Stored records:

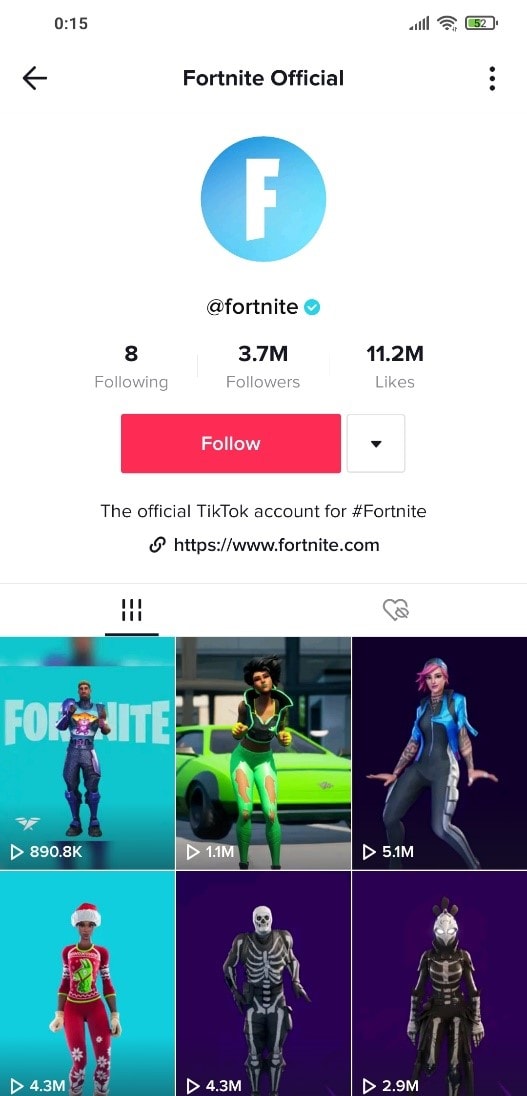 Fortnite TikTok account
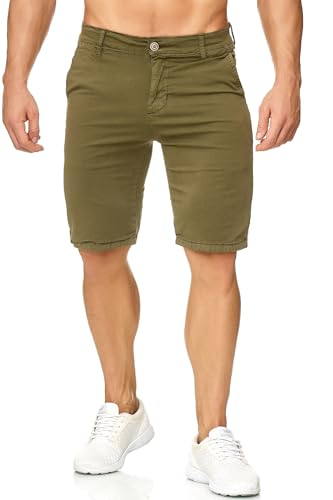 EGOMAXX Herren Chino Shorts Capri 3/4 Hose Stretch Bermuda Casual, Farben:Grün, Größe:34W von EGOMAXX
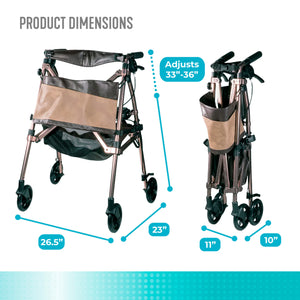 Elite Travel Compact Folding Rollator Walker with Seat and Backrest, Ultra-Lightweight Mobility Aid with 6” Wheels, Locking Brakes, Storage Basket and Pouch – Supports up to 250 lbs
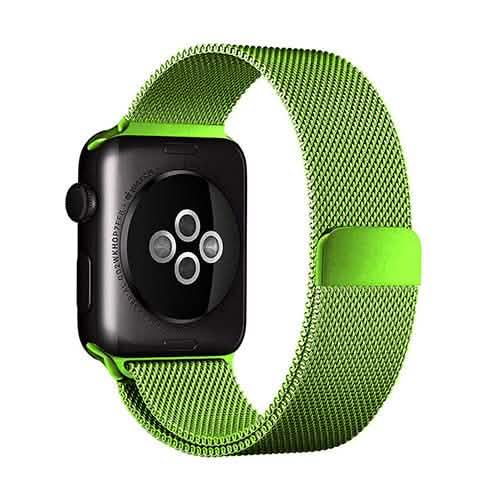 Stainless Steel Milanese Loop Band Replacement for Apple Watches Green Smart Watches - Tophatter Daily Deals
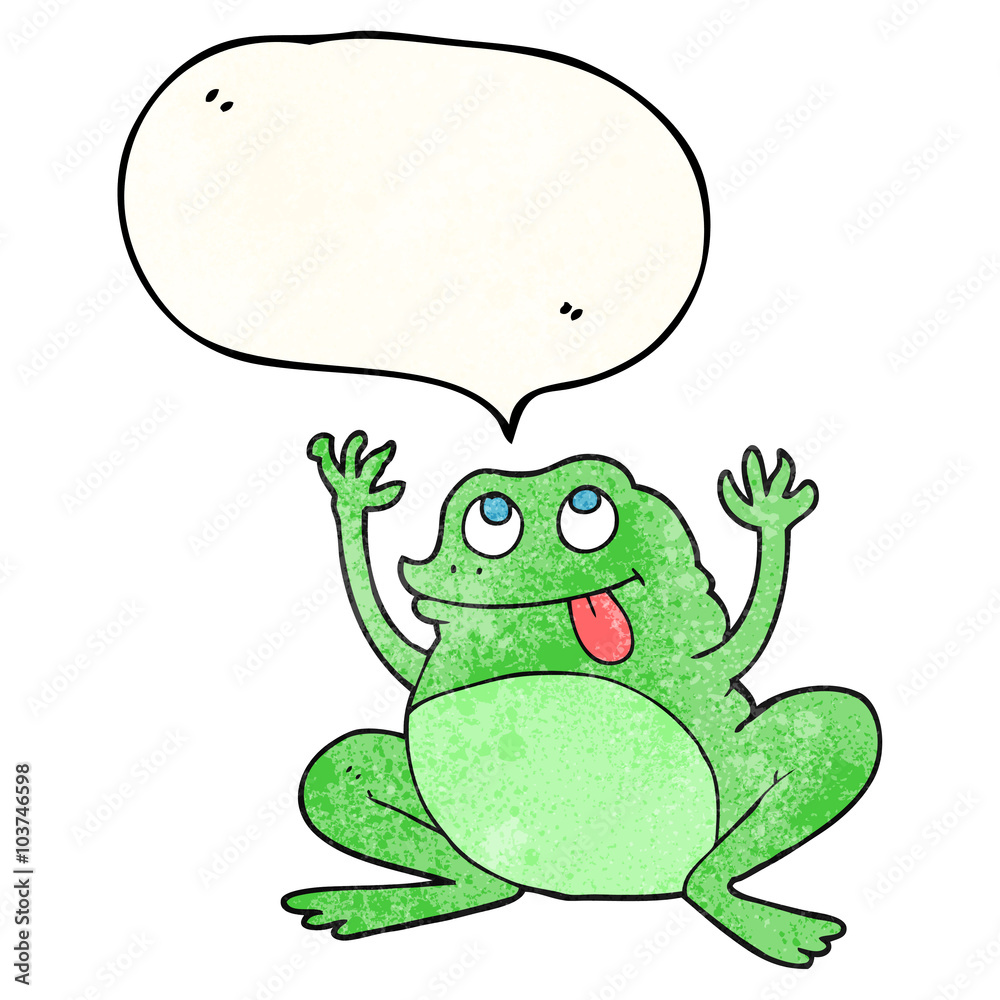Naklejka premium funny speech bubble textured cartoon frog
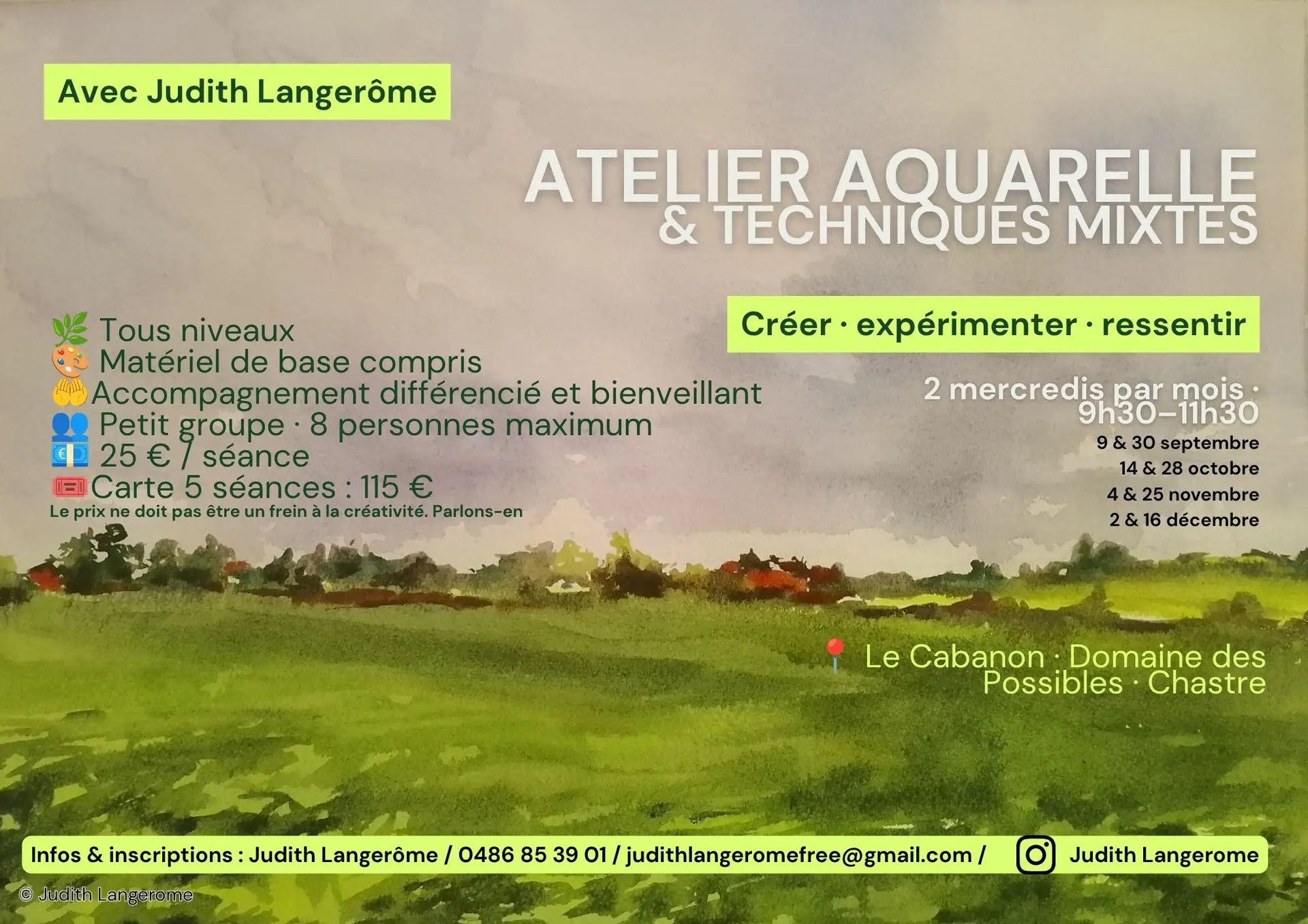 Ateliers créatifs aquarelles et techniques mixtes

• _Directions for this task_: Your copy should be the entries retyped exactly, with no images in it.

• _Response_:
 Fortnite TikTok account
 EGOMAXX Herren Chino Shorts Capri 3/4 Hose Stretch Bermuda Casual, Farben:Grün, Größe:34W von EGOMAXX
 Elite Travel Compact Folding Rollator Walker with Seat and Backrest, Ultra-Lightweight Mobility Aid with 6” Wheels, Locking Brakes, Storage Basket and Pouch – Supports up to 250 lbs
 Stainless Steel Milanese Loop Band Replacement for Apple Watches Green Smart Watches - Tophatter Daily Deals
Naklejka premium funny speech bubble textured cartoon frog
 Ateliers créatifs aquarelles et techniques mixtes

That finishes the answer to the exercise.